Soñar en la calle, con el frío
que cala hondo y perfora los sentimientos debe ser utópico. Cerrar los ojos y
dejarse llevar, soltar las amarras que nos sujetan al suelo y echar a volar. Desplegar
las alas atadas y comenzar a surcar las alturas dividiendo nubes. Debe ser fácil
hacerlo si en las noches no hicieran temperaturas extremas que nos asemeja más
a la Antártida que a Cuba. Pero, escapar no se puede, la cadena todavía está
sujeta al muro. Es implacable.
Soñar en la calle debe ser
una misión, prácticamente, imposible de realizar o, al menos, de intentarlo. El
cielo ennegrecido, que augura heladas filosas, es determinante para la voluntad
del soñador y el que quiera probar un poco de ese plato.

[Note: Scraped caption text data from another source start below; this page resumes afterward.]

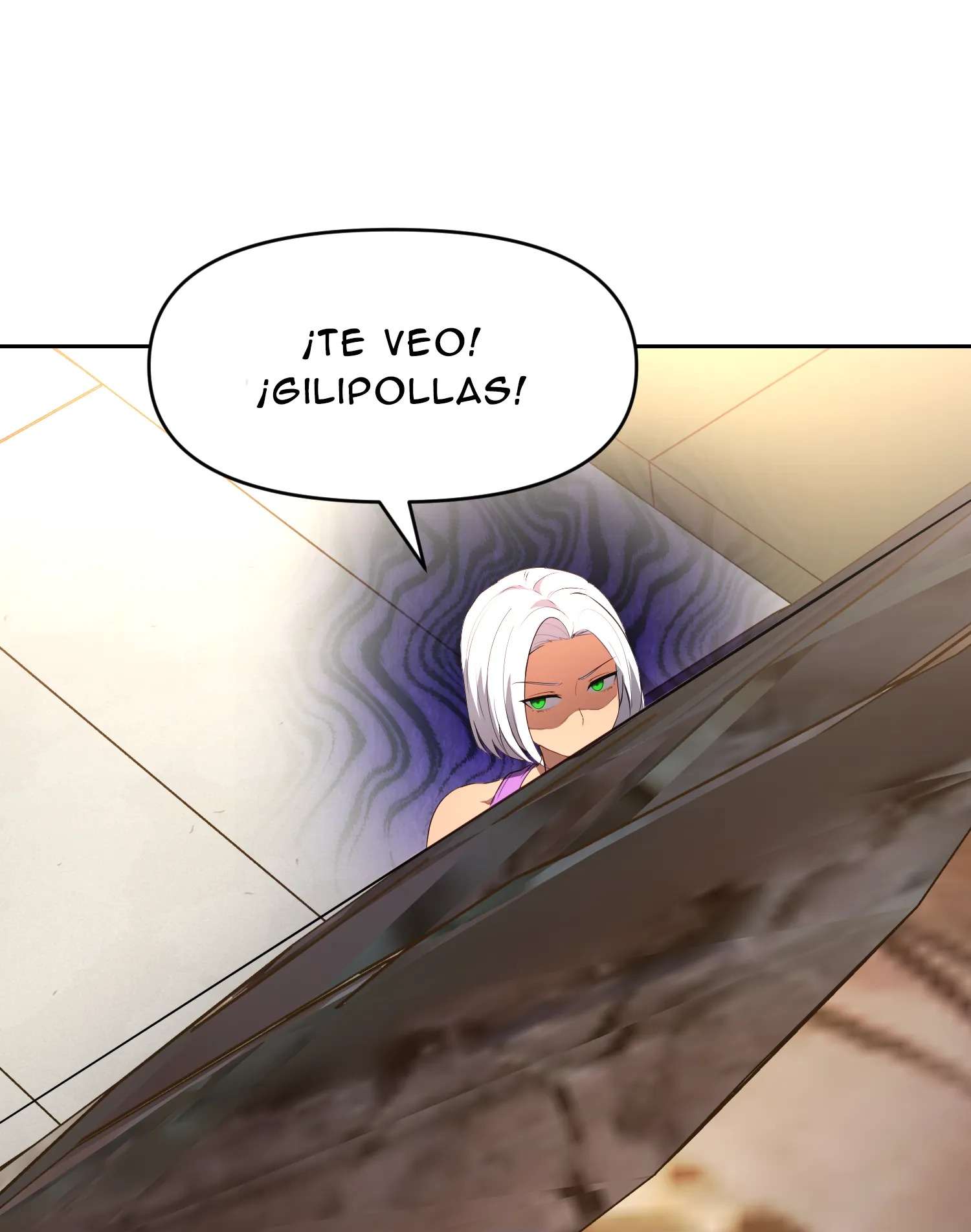 ¡Súbeme fuerte! Capítulo 4 - Page 53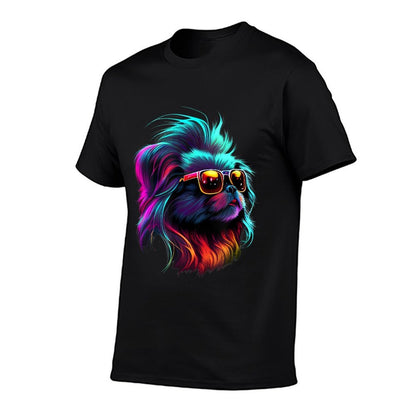 Pekingese Dogs Pekingeses  Classic T-Shirt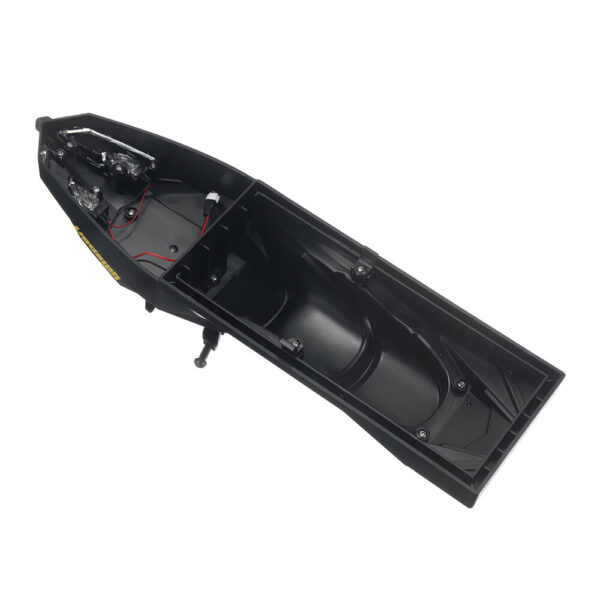 UDIRC UDI023PRO INKFISH Jet RC Boat Parts Cabin Cover Vehicles Models Accessories UDI023PRO-03 - Image 1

Soñar en la calle mientras
la frialdad y frivolidad de los que miran sin ver, de los desentendidos que portan
desconfianza pasa al lado queriendo evitar una realidad inevitable. Esa atenta
mirada solo entorpece el camino de los anhelos que pacientemente aguardaron
durante el día su momento de reinar. Los invisibles son evidentes y los
urgentes son inútiles.
Soñar en la calle no es
tarea fácil pero no es imposible. Algunas veces, cuando el gélido compañero ha
dominado la situación, aparece un ángel, sin túnicas ni aureolas, con el
remedio para los dolores. Estos servidores, la solidaridad y la humildad,
aportan esperanzas para creer que la realidad no es más que un camino para
volver a soñar. Que las sujeciones son momentáneas y el tiempo de volver a cerrar
los ojos con ilusión llegará pronto.